Yamnuska Summit is one of the first mountains in the Rocky Mountain range between Calgary, Alberta and Banff National Park. You can see its sheer, wide face and underlying scree from the Trans-Canada Highway.
It is a popular, accessible, challenging hike and scramble to the summit. I have reached the summit three times with three different hiking partners, and each time it took between three and four hours. The weather cooperated each time with air so calm you could actually set a piece of paper on a rock and it wouldn’t fly away. I think I was lucky three times and certainly don’t expect such conditions.
Locally it’s probably best-known for a short traverse that requires you to shimmy along a rock face while holding a chain. It can be intimidating, but aside from requiring a small manoeuvre to get on and off the chain, it actually feels quite easy while you’re on it.
My climbing partner this time was Keri. It was our first real hike together, and her first scramble. We tackled it together, stopping often along the way to soak in the views. We took a few quiet moments together at the summit, giving the crowd of about eight who were there ahead of us a chance to begin their descent.
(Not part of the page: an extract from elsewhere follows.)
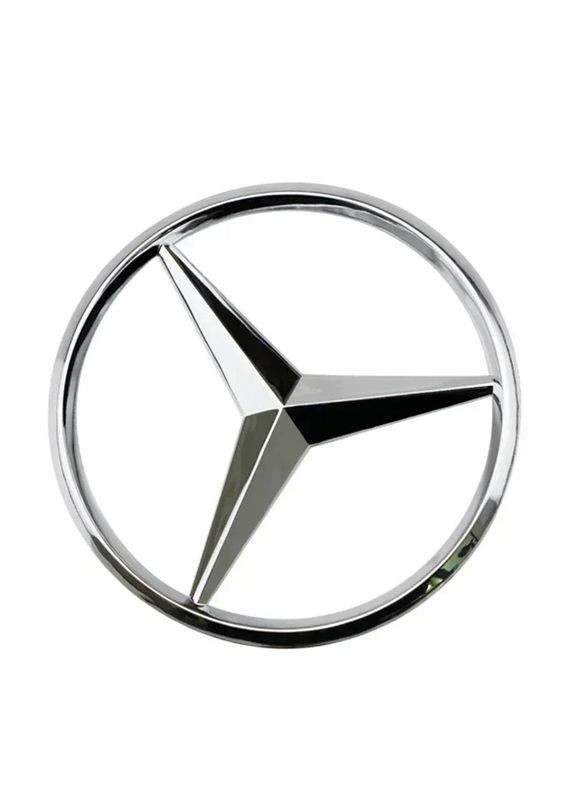 Эмблема задняя хром 90 мм пластик (на скотче) Mercedes-Benz (369609950)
The spring of 2016 followed an unseasonably warm winter and I found myself at the peak in April under early summer conditions. Clouds rolled in as we scrambled to the summit and we found ourselves at the peak, looking down at the clouds below.
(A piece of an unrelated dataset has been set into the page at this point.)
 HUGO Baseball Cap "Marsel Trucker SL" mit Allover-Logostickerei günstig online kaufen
For two prairie kids to be standing above the clouds is a breathtaking moment.
As you walk under the face of Yamnuska toward the scree that is the path down, it feels as if the mountain is leaning over you like a schoolyard bully.
The scree is incredibly steep but if you can keep your balance, it feels like you’re bounding on clouds. Each step covers miles of terrain and counts towards at least a few metres against the 900m elevation, undoing all the hard work on the scramble to the peak. We laughed the whole way down.
This is an excellent day-hike, accessible from the Trans-Canada Highway. It sits outside Banff National Park so even when National Parks aren’t free entry like they are in 2017 (Happy birthday, Canada!), there’s no charge aside from your gas to drive to the trailhead.